This disclosure relates to a steam oven for an aircraft galley, and to a method of operating a steam oven in an aircraft galley.
Aircraft can be equipped with steam ovens for cooking or heating food for passengers of the aircraft. The steam ovens are typically provided as part of a galley insert which enables easy installation and removal of the oven from an aircraft galley. The food is heated in a food preparation chamber of the oven using steam. The steam can be provided by supplying water to the oven and heating the water within the oven to evaporate it, or by injecting steam into the oven directly. Valves are used to control the water or steam supply to the chamber. Control of these valves is important, since a failure thereof can cause the oven to flood with hot water or steam, leading to possible injuries to flight attendants or passengers.

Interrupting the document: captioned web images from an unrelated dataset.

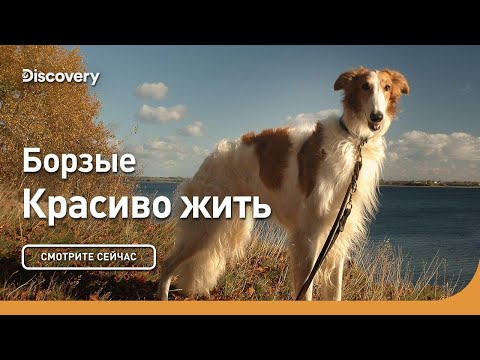 Видео: Борзые | Красиво жить | Discovery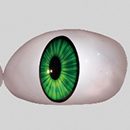 #1 Eyes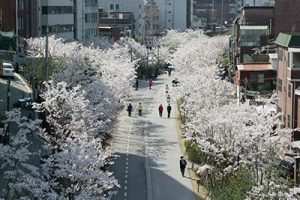 ソウル市、美しい春の花道160選紹介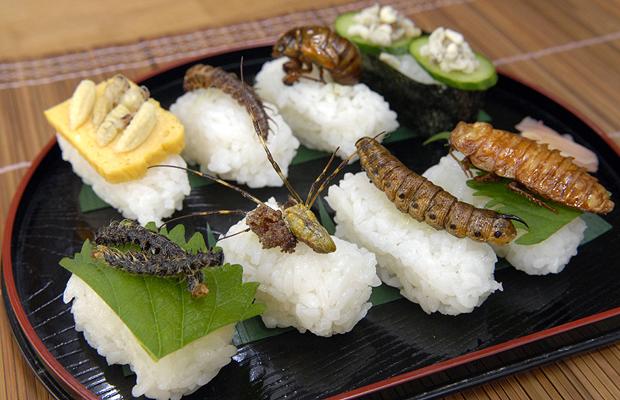 sushi mangers des insectes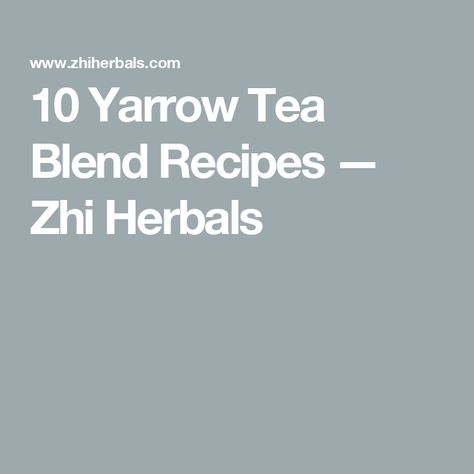 10 Yarrow Tea Blend Recipes — Zhi Herbals Yarrow Tea, Tea Mixes, Vein Health, Tea Blends Recipes, Hawthorn Berry, Digestive Juice, Herbal Teas Recipes, Herbal Tea Blends, Tea Recipe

According to one aspect of the present disclosure there is provided a steam oven for an aircraft galley, comprising: a pipeline for supplying fluid comprising water or steam to a food preparation chamber of the steam oven, the pipeline being configured to receive water or steam from a source external to the steam oven; a valve configured to regulate the flow of said fluid through the pipeline, the valve having an open state in which the valve permits the flow of said fluid through the pipeline and a closed state in which the valve prevents the flow of said fluid through the pipeline; and a control unit configured to actuate the valve between the open and closed states; wherein the valve comprises a sensor configured to detect an actual state of the valve, the sensor being independent of the control unit.
In an optional example, the valve and the sensor are configured to receive power from separate and independent power supplies. The valve may be electrically connected to a first power supply to receive power therefrom and the sensor may be electrically connected to a second power supply to receive power therefrom, wherein the second power supply is electrically isolated from the first power supply.
In an optional example, the actuation of the valve by the control unit is not based on the valve state detection by the sensor.
In an optional example, the valve comprises a circuit board including the sensor, wherein the circuit board is arranged to receive and process sensor data from the sensor and output a signal indicative of the actual valve state based on the sensor data. In another optional example, the sensor is configured to transmit sensor data to a remote electronics unit for processing.
The valve may optionally be a normally-closed solenoid valve. The solenoid valve may comprise a solenoid and a plunger, wherein the solenoid, when powered, may move the plunger from an extended position in which the plunger extends into the pipeline to block the passage of fluid therethrough, to a retracted position in which the plunger is retracted from the pipeline to permit the passage of fluid therethrough. The sensor may be arranged to detect whether the plunger is in the extended position or the retracted position. The solenoid valve may optionally comprise a biasing member arranged to bias the plunger to the extended position when the solenoid is not powered. In an example, the biasing member is a spring.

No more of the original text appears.